From: Borislav Petkov <bp@alien8.de>
To: "Kirill A. Shutemov" <kirill@shutemov.name>
Cc: "Kirill A. Shutemov" <kirill.shutemov@linux.intel.com>,
hpa@zytor.com, tglx@linutronix.de, mingo@redhat.com,
akpm@linux-foundation.org, linux-mm@kvack.org,
linux-kernel@vger.kernel.org, x86@kernel.org, jgross@suse.com,
konrad.wilk@oracle.com, elliott@hpe.com,
boris.ostrovsky@oracle.com, Toshi Kani <toshi.kani@hpe.com>
Subject: Re: [PATCH] x86/mm: fix regression with huge pages on PAE
Date: Wed, 11 Nov 2015 10:51:01 +0100 [thread overview]
Message-ID: <20151111095101.GA22512@pd.tnic> (raw)

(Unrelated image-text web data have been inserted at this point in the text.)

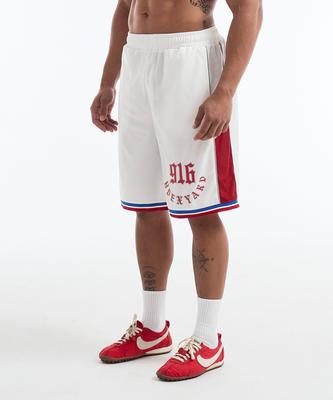 HDEX 916 Classic Basketball Shorts (White)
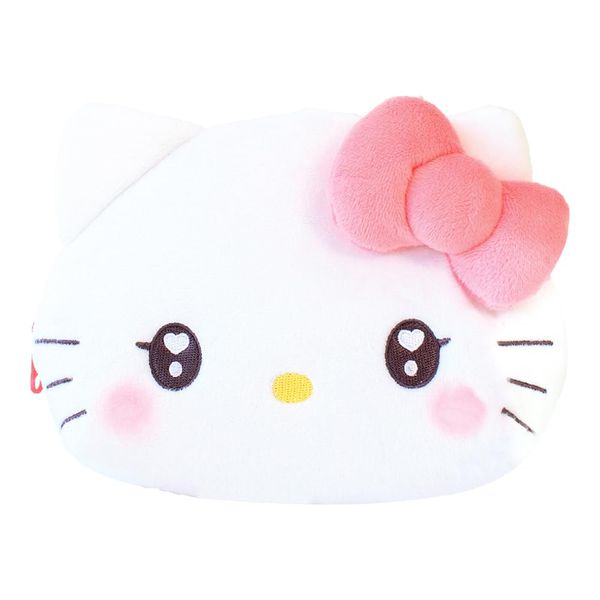 Tees Factory Sanrio Plush Shell Shaped Face Pouch Hello Kitty SR-5544202KT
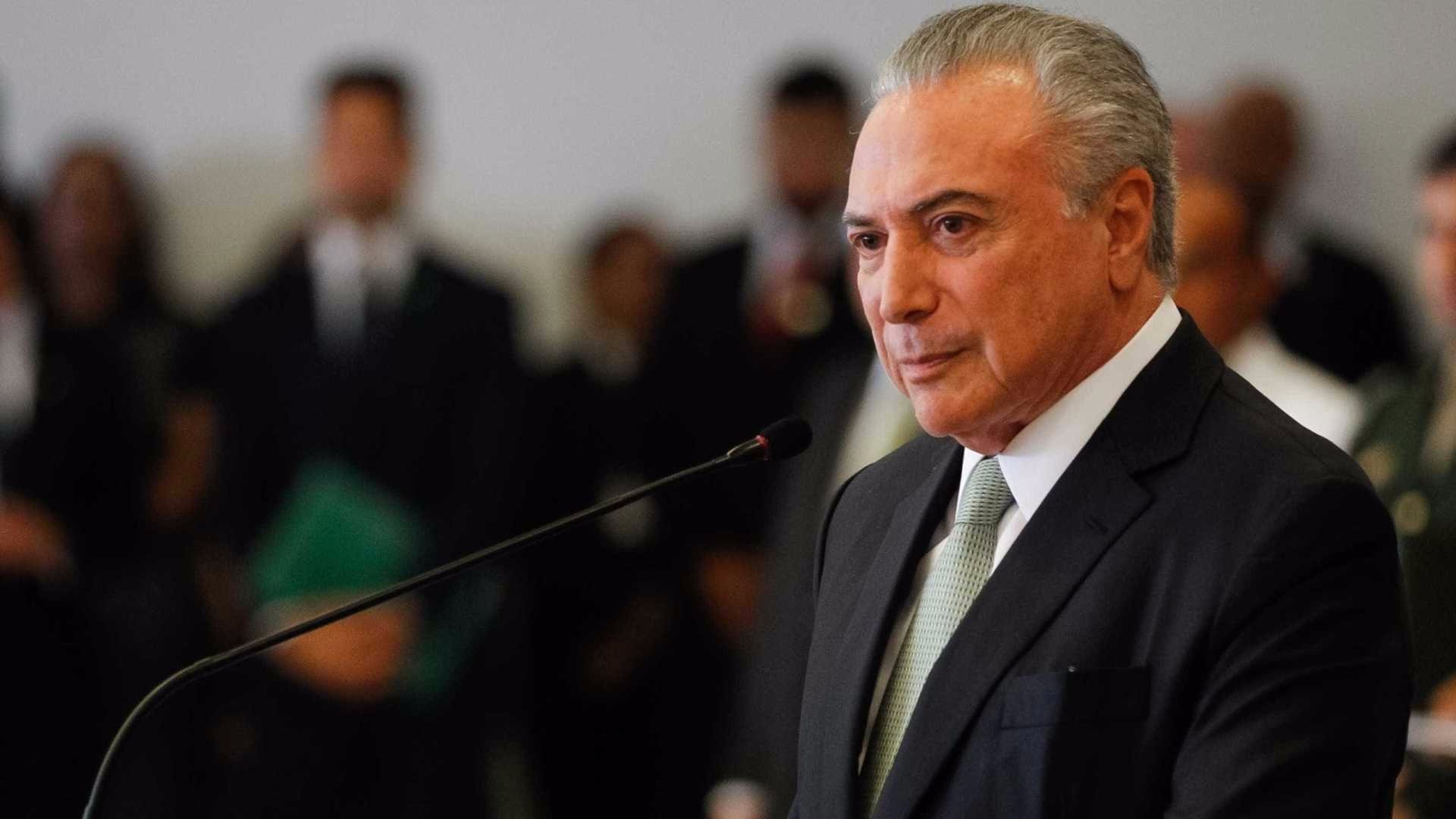 Após reflexão, Temer decide não fazer pronunciamento sobre denúncia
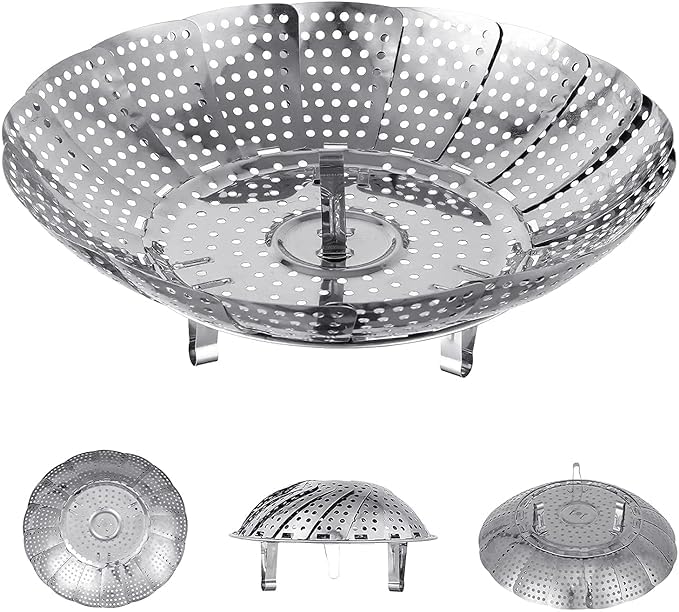 Stainless Steel Vegetable Steamer Basket Foldable Vegetable Steamer for Cooking to Fits Various Collapsible Steamer Baskets for Cooking Food Expandable Fit Various Size Pot59 to 98  - Image 5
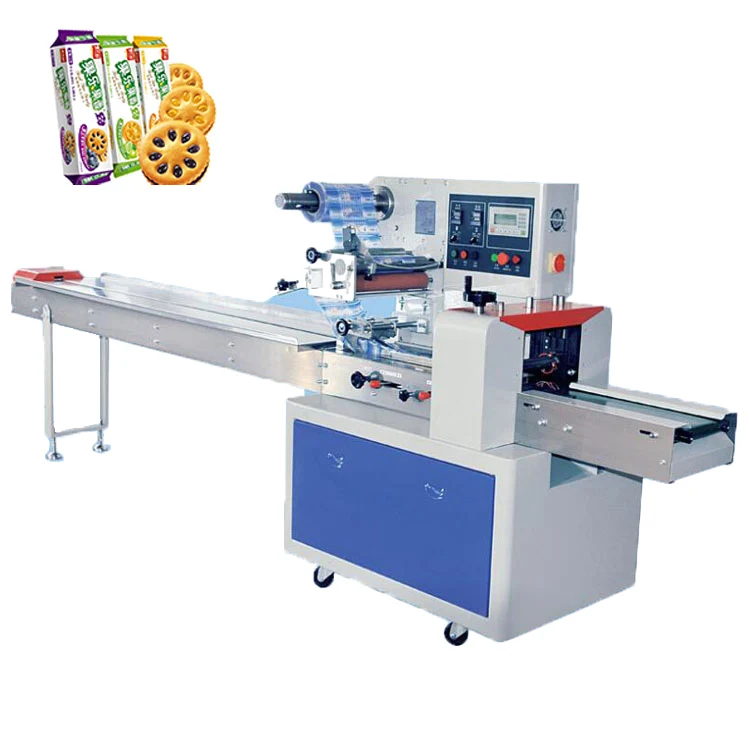 High Quality Automatic Ice Cream Bread Food Package Machine Popsicle Plastic Bag Sealing Cling Film Package Machine
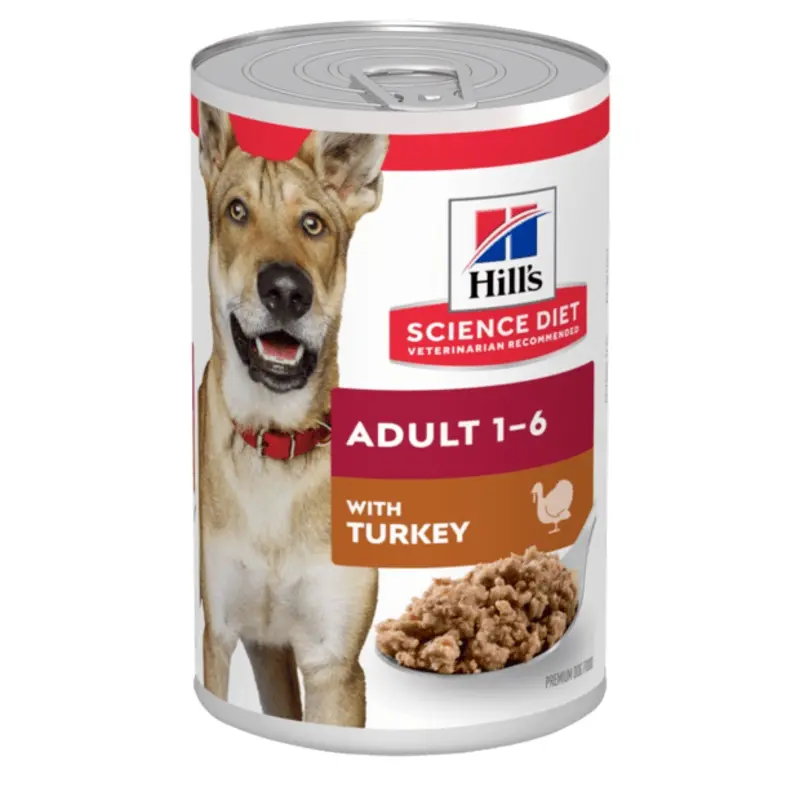 Hill's Science Diet Adult Turkey Canned Dog Food 370g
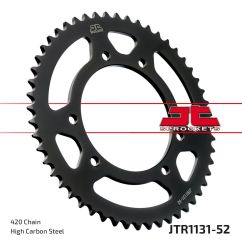JTR1131.52 REAR REPLACEMENT SPROCKET 52 TEETH 420 PITCH NATURAL STEEL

In-Reply-To: <20151110170447.GH19187@pd.tnic>
On Tue, Nov 10, 2015 at 06:04:47PM +0100, Borislav Petkov wrote:
> On Tue, Nov 10, 2015 at 05:07:13PM +0200, Kirill A. Shutemov wrote:
> > Yeah. Looks good to me.
>
> It gets even cleaner. Let me run it through the *config build tests.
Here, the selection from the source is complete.